Data Independence is isolating an upper level from the changes in the organization or structure of a lower level.

For example, if changes in the file organization of a data file do not demand for changes in the functions in the

DBMS or in the application programs, data independence is achieved. Thus Data Independence can be defined as

immunity of applications to change in physical representation and access technique. The provision of data

independence is a major objective for database systems.

• Reduced Maintenance - Maintenance is less and easy, again, due to the centralized nature of the system.

Disadvantages of a DBMS

The following are disadvantages of DBMS

1. Setup of the database system requires more knowledge, money, skills, and time.

2. The complexity of the database may result in poor performance.



Functions of a DBMS

The functions performed by a typical DBMS are the following:

• Data Definition - The DBMS provides functions to define the structure of the data in the application. These

include defining and modifying the record structure, the type and size of fields and the various constraints/conditions

to be satisfied by the data in each field.

• Data Manipulation - Once the data structure is defined, data needs to be inserted, modified or deleted. The

functions which perform these operations are also part of the DBMS. These function can handle planned and

unplanned data manipulation needs. Planned queries are those which form part of the application. Unplanned queries

are ad-hoc queries which are performed on a need basis.

• Data Security & Integrity - The DBMS contains functions which handle the security and integrity of data in

the application. These can be easily invoked by the application and hence the application programmer need not code

these functions in his/her programs.

• Data Recovery & Concurrency - Recovery of data after a system failure and concurrent access of records by

multiple users are also handled by the DBMS.

• Data Dictionary Maintenance - Maintaining the Data Dictionary which contains the data definition of the

application is also one of the functions of a DBMS.

• Performance - Optimizing the performance of the queries is one of the important functions of a DBMS. Hence

the DBMS has a set of programs forming the Query Optimizer which evaluates the different implementations of a

query and chooses the best among them.

Thus the DBMS provides an environment that is both convenient and efficient to use when there is a large volume of

data and many transactions to be processed.

Data abstraction

It can be summed up as follows.

1. When the DBMS hides certain details of how data is stored and maintained, it provides what is

called as the abstract view of data.

2. This is to simplify user-interaction with the system.

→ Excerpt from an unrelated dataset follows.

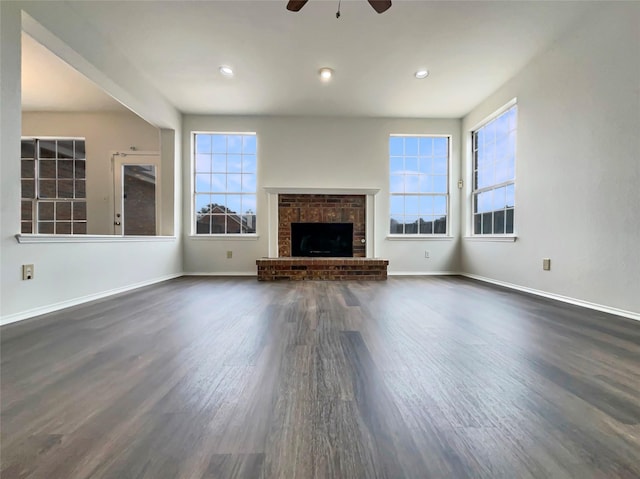 unfurnished living room featuring dark wood-type flooring, plenty of natural light, a fireplace, and baseboards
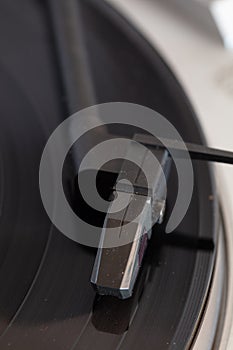 Closeup shot of headshell in a portable gramophone with a blurred background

3. Complexity (of data and data structure) is hidden from users through several levels of abstraction.

Data abstraction is used for following purposes:

1. To provide abstract view of data.

2. To hide complexity from user.

3. To simplify user interaction with DBMS.



Levels of data abstraction

There are three levels of data abstraction.

1. Physical level: It describes how a record (e.g., customer) is stored.

Features:

a) Lowest level of abstraction.

b) It describes how data are actually stored.

c) It describes low-level complex data structures in detail.

d) At this level, efficient algorithms to access data are defined.

2. Logical level: It describes what data stored in database, and the relationships among the data.

Features:

a) It is next-higher level of abstraction. Here whole Database is divided into small simple structures.

b) Users at this level need not be aware of the physical-level complexity used to implement the simple

structures.

c) Here the aim is ease of use.

d) Generally, database administrators (DBAs) work at logical level of abstraction.

3. View level: Application programs hide details of data types. Views can also hide information (e.g., salary) for

security purposes.

Features:

a) It is the highest level of abstraction.

b) It describes only a part of the whole Database for particular group of users.

c) This view hides all complexity.

d) It exists only to simplify user interaction with system.

e) The system may provide many views for the whole system.



Instances and Schemas

Instances and Schemas are similar to types and variables in programming languages.

1. Schema:

The overall design of a database is called database schema. E.g., the database consists of information about a set

of customers and accounts and the relationship between them. It is analogous to variable along with its type

information in a program.

Types of Schemas (partitioned according to levels of abstraction):

a. Physical schema: It is database design at the physical level. It is hidden below logical schema, and can be

changed easily without affecting application programs.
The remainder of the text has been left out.